But behind the scenes, because this class inherits from Base, you get a
number of other attributes, including __mapper__
, which indicates how
your Python class will be mapped to the database table. You can see
this in an interactive Python shell by asking to see the printed
representation of Person.__mapper__
:
Person.__mapper__
<Mapper at 0x10af5ef90; Person>
You now have a session that connects to the database and a table in the database that has been described in Python. You now can execute a query against your table:
for p in session.query(Person):
print p.first_name
That gives the following:
Reuven
Foo
In other words, session.query
is executing a query against the
database, without you having to specify the SQL. You also can restrict
the records you'll get, by chaining the
filter_by
method to your
query:
for p in session.query(Person).filter_by(id=1):
print p.first_name
That gives the following:
Reuven
Note that the filter_by
method is not acting on the results of
session.query
. Rather, it is changing the SQL that
eventually is sent
to the database. You can see this by assigning printing to the query
object without executing it or putting it in an iteration context:
print session.query(Person).filter_by(id=1)
SELECT people.id AS people_id,
people.first_name AS people_first_name,
people.last_name AS people_last_name,
people.email AS people_email,
people.birthday AS people_birthday
FROM people
WHERE people.id = :id_1
You also can see from this query that SQLAlchemy binds parameters to variables inside your query, rather than directly placing your values. Not only does this allow you to re-run queries later with different variable values, but it reduces the possibility that you will suffer from an SQL injection attack, which still is surprisingly common.
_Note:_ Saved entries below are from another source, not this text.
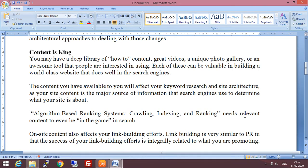Content is king — that is the second part. As we have already discussed, we know somewhat about the content, that is phrases and keywords that we should use in our websites. We are also aware about anchor links, internal links, and external links. You may have a deep library of how-to content, great videos, a unique photo gallery, or awesome tools that people are interested in using. Each of these can be valuable in building a world-class website that does well in search engines.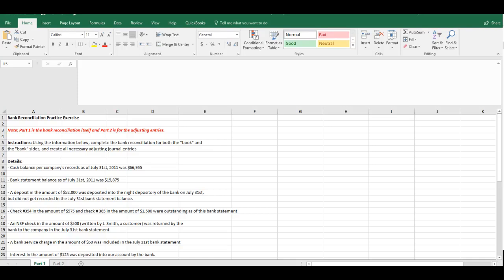In this video we are going to go through the bank reconciliation practice exercise step by step for each of the two parts. Hopefully by now you've had a chance to take a look at this with the template and work it on your own so you can compare it to the actual solution. First of all, part one here is the bank reconciliation itself. We'll see we have a template down below and part two is going to be for the adjusting journal entries related to the bank reconciliation.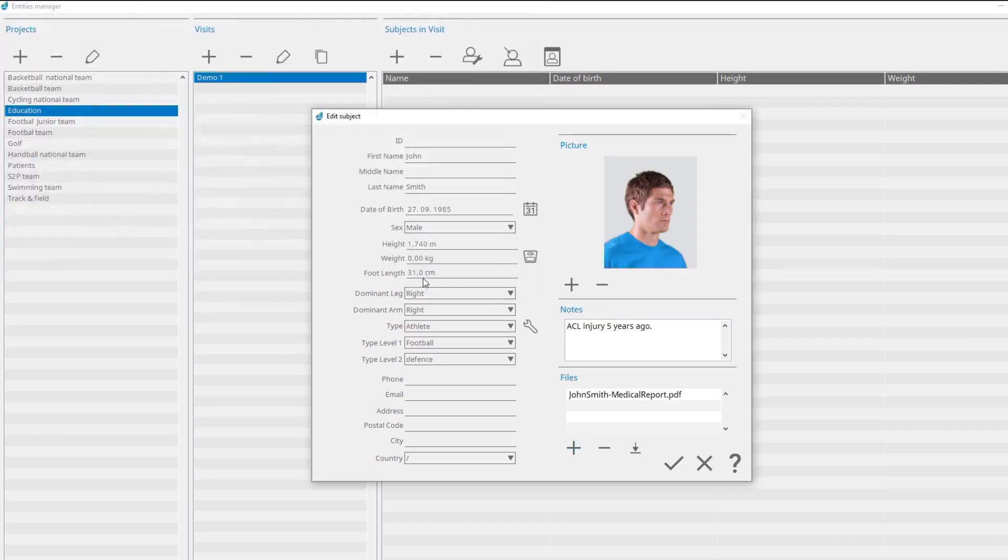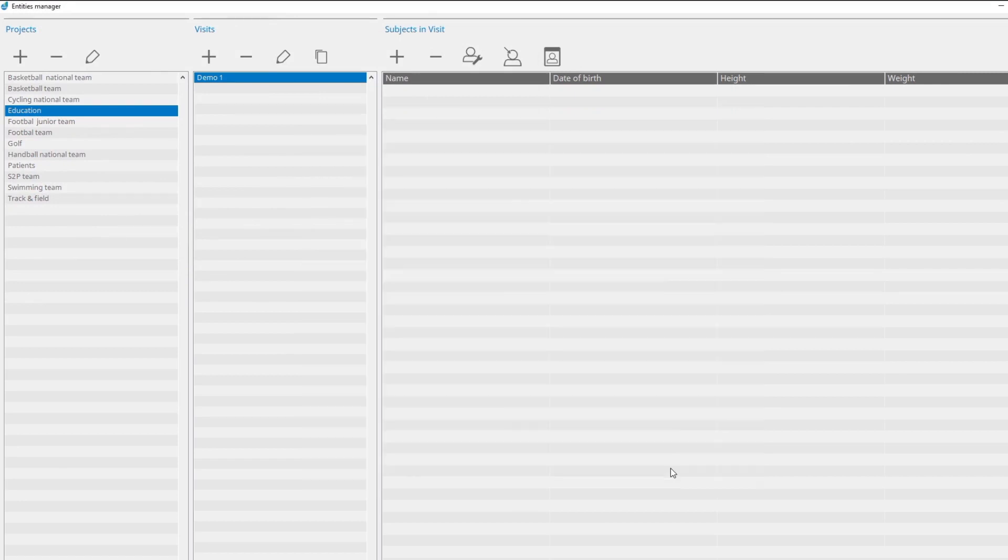When you are done, confirm the changes with the Confirm button. The project, visit, and subject can be deleted by clicking on the Remove button.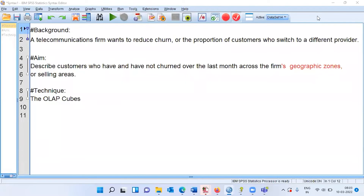Namaste and good morning. My name is Mathun and in today's video we will be talking about OLAP cubes. OLAP stands for Online Analytical Processing. This is a reporting tool.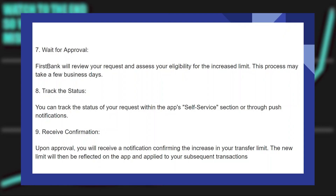You will receive a confirmation message upon approval, notifying you of the increase in your transfer limit. The new limit will then be reflected on the app and applied to your subsequent transactions.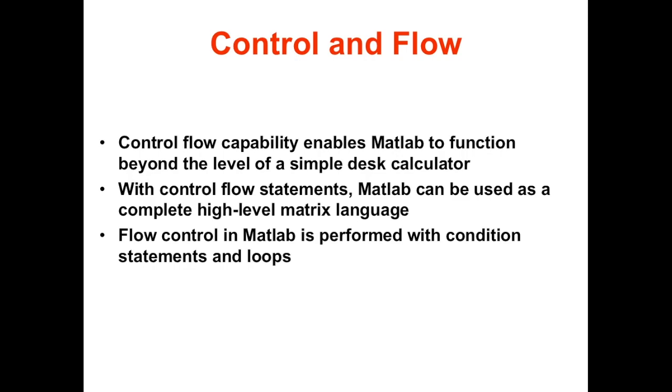Hi, in this video I'll be talking about the control and flow statements in MATLAB. The control and flow makes MATLAB a powerful software to run customized code or programs. It is this control flow capability that makes MATLAB go to a higher level of application beyond that of a simple desk calculator. With control flow statements, MATLAB can be used as a complete high-level matrix language. We can control the flow of the code in MATLAB using two statements: the condition statements and the loop statement.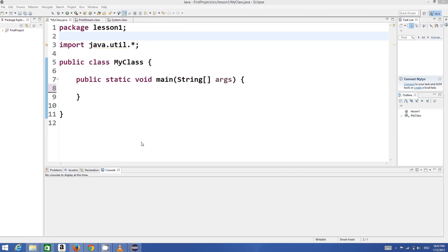Hello guys, welcome to the next video tutorial on Java programming for beginners. In this video we will see how to use list iterators in Java.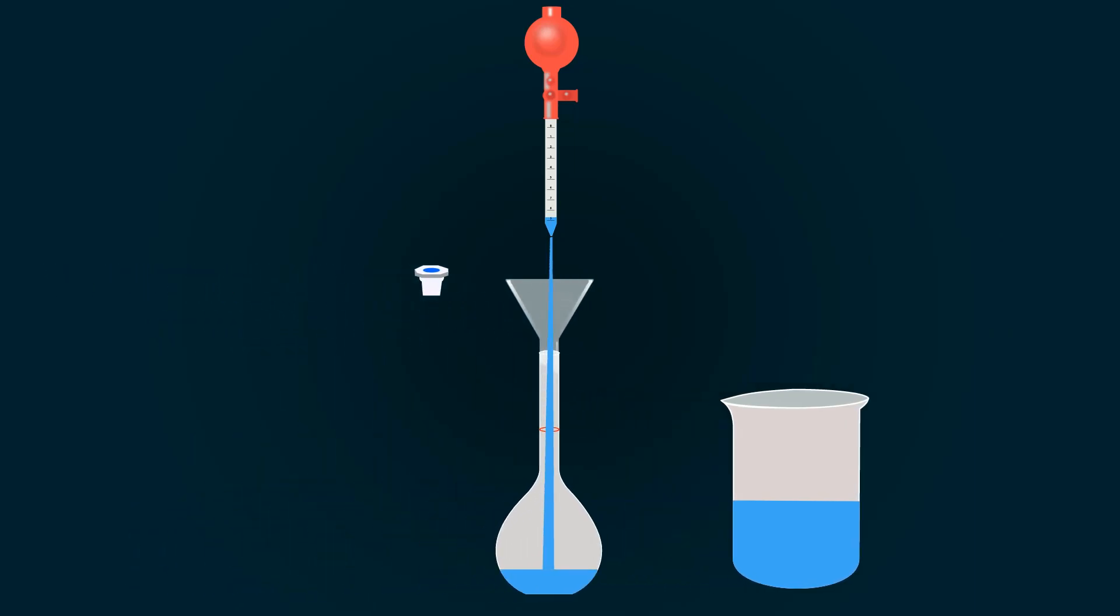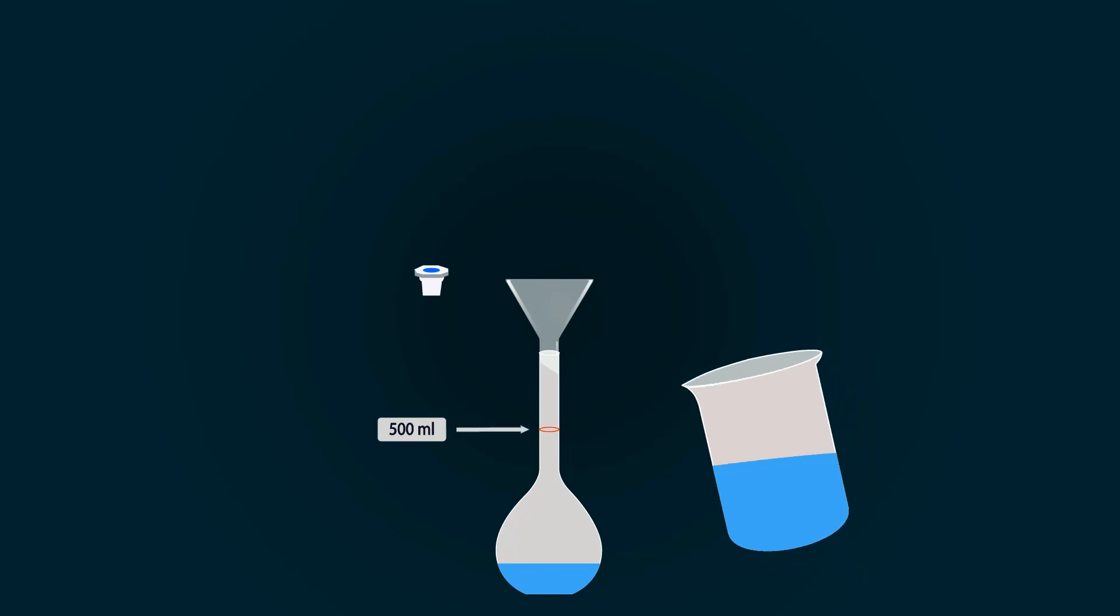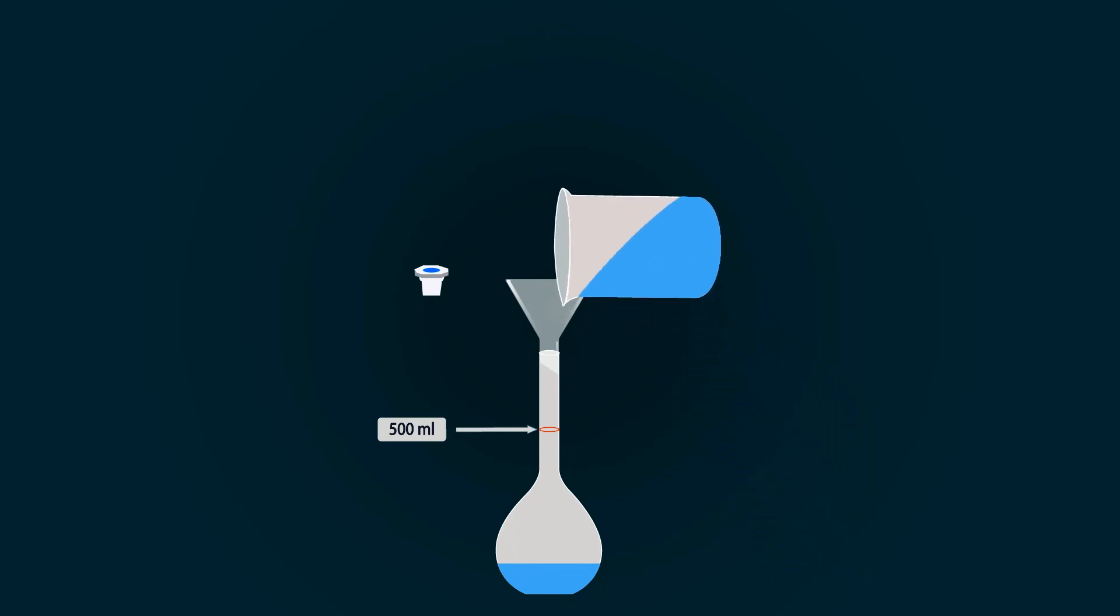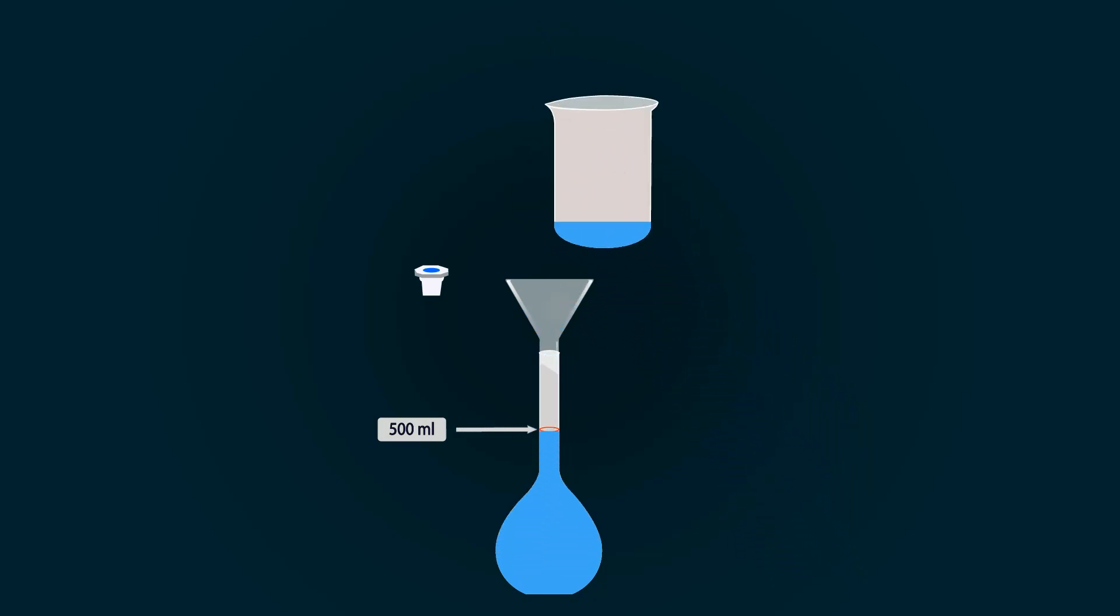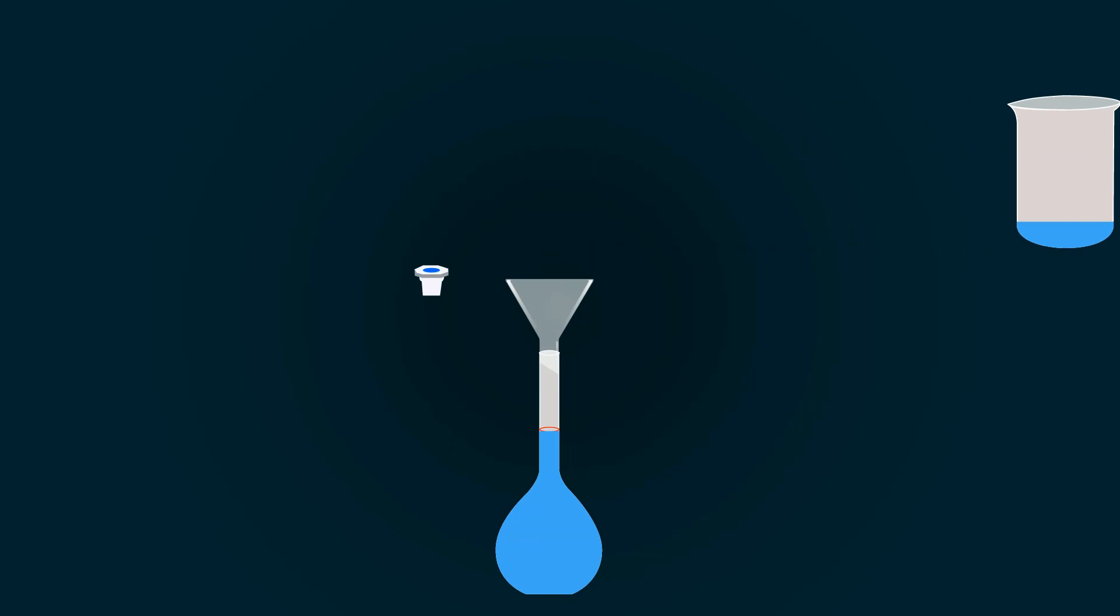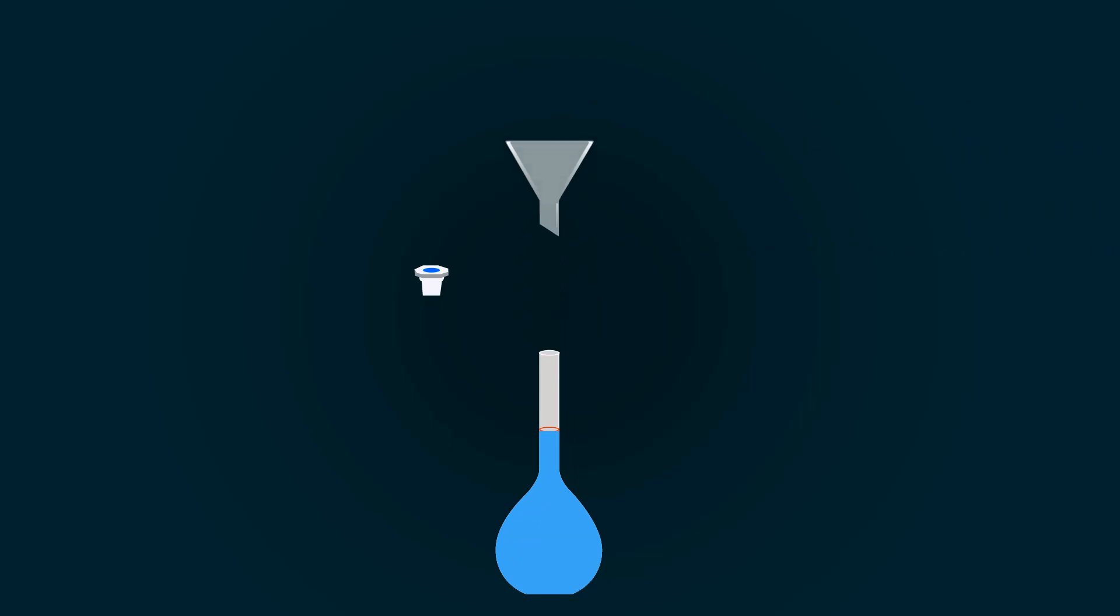Now add distilled water to fill it up to the 500 milliliter mark. Close the volumetric flask with the cap.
You also can order the results:
for person in session.query(Person).order_by('first_name'):
print person.first_name
Foo
Reuven
And, you also can do all of the basic "CRUD" activities that you would expect. For example, you can create a new instance of your Person class and then save it to the database:
p = Person('newfirst', 'newlast', 'new@example.com', '1-jan-2012');
session.add(p)
session.commit()
Notice how I can handle multiple inserts (or other actions) inside
a single transaction by only issuing
session.commit()
after adding
several objects. Similarly, I can update the object and the
corresponding row in the database:
p.first_name = '!!!'
session.add(p)
session.commit()
I also can delete the object:
session.delete(p)
session.commit()
Relationships
If SQLAlchemy could only do this, it still would be a nice library, simplifying your queries. But the real power of SQLAlchemy occurs when you define relationships between tables. For example, let's assume that I have an Appointments table, indicating when I'm meeting with various people:
CREATE TABLE Appointments (
id SERIAL PRIMARY KEY,
person_id INTEGER NOT NULL REFERENCES People,
meeting_at TIMESTAMP NOT NULL,
notes TEXT
);
Let's also add some appointments:
INSERT INTO Appointments (person_id, meeting_at, notes)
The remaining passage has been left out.